The bundle row lands immediately with Status = Requested and promotes to Approved once member fanout completes. Each member API goes through its own governance flow (which auto-approves on consumer-side mirrors in typical cross-tenant configurations).

StateMeaning
RequestedCreated, awaiting governance outcome
ApprovedCredentials active, gateway honours calls
RejectedGovernance refused; no credential issued
RevokedAccess terminated, credentials invalidated

Revoking a bundle subscription cascades to every gateway-side artefact for the same (Product, Consumer, Tenant) — the bundle credential is invalidated and member proxies’ product-scoped reverse lookup returns no authorised JWKS, so every member API stops honouring calls. There are no per-member subscription rows to revoke separately.

ComponentDescription
CredentialsOAuth client (ID + secret) or API key — provisioned automatically
EntitlementsScopes granted, intersected with the target API’s OAS-declared scopes
Rate limitRequests per time window (configurable per tier)
RU quotaResource unit budget for metered billing
RU periodBilling cycle — daily, monthly, quarterly, annual, or pay-as-you-go
Alert thresholdPercentage of RU quota that triggers a soft warning

Producers can define multiple SLA tiers in OpenSLA:

TierRate LimitRU QuotaPrice
Free10 req/min1,000 RU/monthFree
Standard100 req/min50,000 RU/monthPer-unit pricing
Enterprise1,000 req/minUnlimitedCustom

On subscribe, the consumer selects a tier (or Apiway recommends one based on estimated usage). The producer’s approval freezes the chosen tier as a consumer-side SLA snapshot — subsequent producer tier edits do not retroactively change the contract.

Credentials are owned by the subscription. For API subscriptions, one credential set per subscription. For Product subscriptions, the bundle row holds a shared credential authorised across every member API.

Tokens are always minted at a specific member API’s /oauth2/v2/token endpoint — never at a product-level endpoint. Each issued token is audience-scoped to one member API, with scopes intersected against that API’s OAS (RFC 6749 §3.3). To call multiple member APIs the client mints one token per API using the shared bundle credential.

A Product does not expose its own /oauth2/v2/token endpoint.
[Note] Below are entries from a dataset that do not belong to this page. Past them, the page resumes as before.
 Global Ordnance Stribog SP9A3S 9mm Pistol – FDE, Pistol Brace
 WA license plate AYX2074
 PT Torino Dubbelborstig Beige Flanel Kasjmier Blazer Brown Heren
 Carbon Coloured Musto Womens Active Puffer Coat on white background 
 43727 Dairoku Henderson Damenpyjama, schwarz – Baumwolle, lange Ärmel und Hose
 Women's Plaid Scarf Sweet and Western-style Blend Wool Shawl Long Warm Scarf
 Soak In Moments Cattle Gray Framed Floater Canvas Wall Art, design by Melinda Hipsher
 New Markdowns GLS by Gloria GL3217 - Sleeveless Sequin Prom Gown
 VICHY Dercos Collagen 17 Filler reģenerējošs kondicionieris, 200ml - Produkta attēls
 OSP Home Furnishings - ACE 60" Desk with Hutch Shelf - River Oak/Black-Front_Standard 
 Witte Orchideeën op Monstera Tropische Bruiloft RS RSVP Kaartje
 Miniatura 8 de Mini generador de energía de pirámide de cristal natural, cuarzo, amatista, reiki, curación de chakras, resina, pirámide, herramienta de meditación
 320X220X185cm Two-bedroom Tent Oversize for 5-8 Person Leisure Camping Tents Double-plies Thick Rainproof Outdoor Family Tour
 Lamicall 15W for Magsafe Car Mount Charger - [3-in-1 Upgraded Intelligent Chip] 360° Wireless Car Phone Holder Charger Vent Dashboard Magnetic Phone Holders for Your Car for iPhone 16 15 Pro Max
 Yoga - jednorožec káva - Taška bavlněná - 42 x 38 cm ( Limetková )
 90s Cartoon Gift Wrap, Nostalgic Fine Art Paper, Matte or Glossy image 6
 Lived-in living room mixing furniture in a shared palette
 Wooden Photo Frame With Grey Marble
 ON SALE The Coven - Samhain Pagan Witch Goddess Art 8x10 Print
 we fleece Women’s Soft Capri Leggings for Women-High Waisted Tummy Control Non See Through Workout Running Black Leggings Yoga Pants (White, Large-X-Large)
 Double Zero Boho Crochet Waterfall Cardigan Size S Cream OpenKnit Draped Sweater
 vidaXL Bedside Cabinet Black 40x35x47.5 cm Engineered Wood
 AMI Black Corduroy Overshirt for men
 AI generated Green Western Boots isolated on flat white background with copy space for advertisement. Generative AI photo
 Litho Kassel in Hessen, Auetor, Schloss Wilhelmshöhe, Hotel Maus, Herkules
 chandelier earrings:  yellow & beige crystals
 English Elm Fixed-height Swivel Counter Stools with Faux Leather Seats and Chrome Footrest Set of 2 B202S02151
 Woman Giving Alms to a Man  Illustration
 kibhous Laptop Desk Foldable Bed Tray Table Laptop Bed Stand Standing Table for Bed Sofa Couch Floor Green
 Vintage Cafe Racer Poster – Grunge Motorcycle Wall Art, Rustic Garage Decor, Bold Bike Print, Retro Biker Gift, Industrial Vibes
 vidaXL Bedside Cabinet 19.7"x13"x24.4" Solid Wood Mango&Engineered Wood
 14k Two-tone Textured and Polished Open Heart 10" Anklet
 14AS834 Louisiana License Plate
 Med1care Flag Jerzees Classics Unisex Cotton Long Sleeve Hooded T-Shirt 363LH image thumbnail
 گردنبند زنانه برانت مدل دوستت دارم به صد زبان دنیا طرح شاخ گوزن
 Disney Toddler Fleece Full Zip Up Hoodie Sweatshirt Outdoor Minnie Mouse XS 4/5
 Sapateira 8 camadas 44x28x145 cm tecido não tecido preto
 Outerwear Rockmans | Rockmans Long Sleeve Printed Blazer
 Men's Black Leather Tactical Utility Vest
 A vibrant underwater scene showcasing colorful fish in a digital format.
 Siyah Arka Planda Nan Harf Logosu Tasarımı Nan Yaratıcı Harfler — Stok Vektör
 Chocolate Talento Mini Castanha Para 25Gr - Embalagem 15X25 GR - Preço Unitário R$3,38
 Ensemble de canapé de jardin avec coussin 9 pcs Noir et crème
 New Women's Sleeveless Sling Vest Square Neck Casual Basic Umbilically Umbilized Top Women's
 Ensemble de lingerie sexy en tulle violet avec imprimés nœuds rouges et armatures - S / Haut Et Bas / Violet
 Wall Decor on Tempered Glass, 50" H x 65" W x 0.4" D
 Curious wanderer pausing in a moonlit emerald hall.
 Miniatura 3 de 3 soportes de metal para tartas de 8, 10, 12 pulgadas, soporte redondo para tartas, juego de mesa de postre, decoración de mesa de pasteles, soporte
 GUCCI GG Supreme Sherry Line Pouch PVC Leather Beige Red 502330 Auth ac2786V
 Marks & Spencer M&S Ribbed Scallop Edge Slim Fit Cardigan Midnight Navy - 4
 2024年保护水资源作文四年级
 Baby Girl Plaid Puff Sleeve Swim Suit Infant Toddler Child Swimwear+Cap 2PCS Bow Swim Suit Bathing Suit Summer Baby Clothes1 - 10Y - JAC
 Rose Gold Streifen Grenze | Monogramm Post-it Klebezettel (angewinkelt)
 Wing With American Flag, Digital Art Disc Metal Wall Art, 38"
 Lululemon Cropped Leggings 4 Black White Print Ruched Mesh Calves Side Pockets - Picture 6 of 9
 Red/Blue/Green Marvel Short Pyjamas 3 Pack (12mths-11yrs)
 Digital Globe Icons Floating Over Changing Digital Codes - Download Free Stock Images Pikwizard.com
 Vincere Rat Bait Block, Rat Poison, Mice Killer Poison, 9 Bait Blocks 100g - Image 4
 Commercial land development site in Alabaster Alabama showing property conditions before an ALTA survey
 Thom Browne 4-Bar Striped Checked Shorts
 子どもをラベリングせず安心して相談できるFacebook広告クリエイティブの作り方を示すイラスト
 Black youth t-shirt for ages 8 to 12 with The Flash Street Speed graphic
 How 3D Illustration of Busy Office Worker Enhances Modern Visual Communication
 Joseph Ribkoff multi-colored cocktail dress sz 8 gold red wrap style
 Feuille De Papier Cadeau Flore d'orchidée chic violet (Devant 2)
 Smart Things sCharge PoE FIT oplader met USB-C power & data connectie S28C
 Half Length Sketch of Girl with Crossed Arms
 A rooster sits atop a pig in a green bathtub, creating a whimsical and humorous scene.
Per-API tokens keep Authorization headers below the upstream proxy header limit (no scope-union explosion across large bundles), preserve OAuth2’s intersection contract, and let each member API enforce its own scope set against its own OAS without cross-member leakage.

For cross-tenant subscriptions specifically, two related rows exist on the consumer side:

  • Upstream row (IsUpstream = true) — holds the credential used to call the producer’s gateway.
  • Internal row (IsUpstream = false) — holds the credential consuming teams use to authenticate at the consumer’s own gateway.

Both rows are stamped with the same consumer-side SLA snapshot so the SLA tier shows correctly on both views.

  1. Generate new credentials for the subscription
  2. Update your application configuration with the new credentials
  3. Revoke old credentials

Apiway tracks credential expiry via SubscriptionSecurity.ExpiresOn and the daily CredentialExpiryAlertService dispatches 14-day-ahead alerts to consumer, API owner, and dependency owners.

For external APIs (Stripe, Twilio, or any non-Apiway third-party) the consumer onboarding pipeline brings them under management — see External APIs for the flow.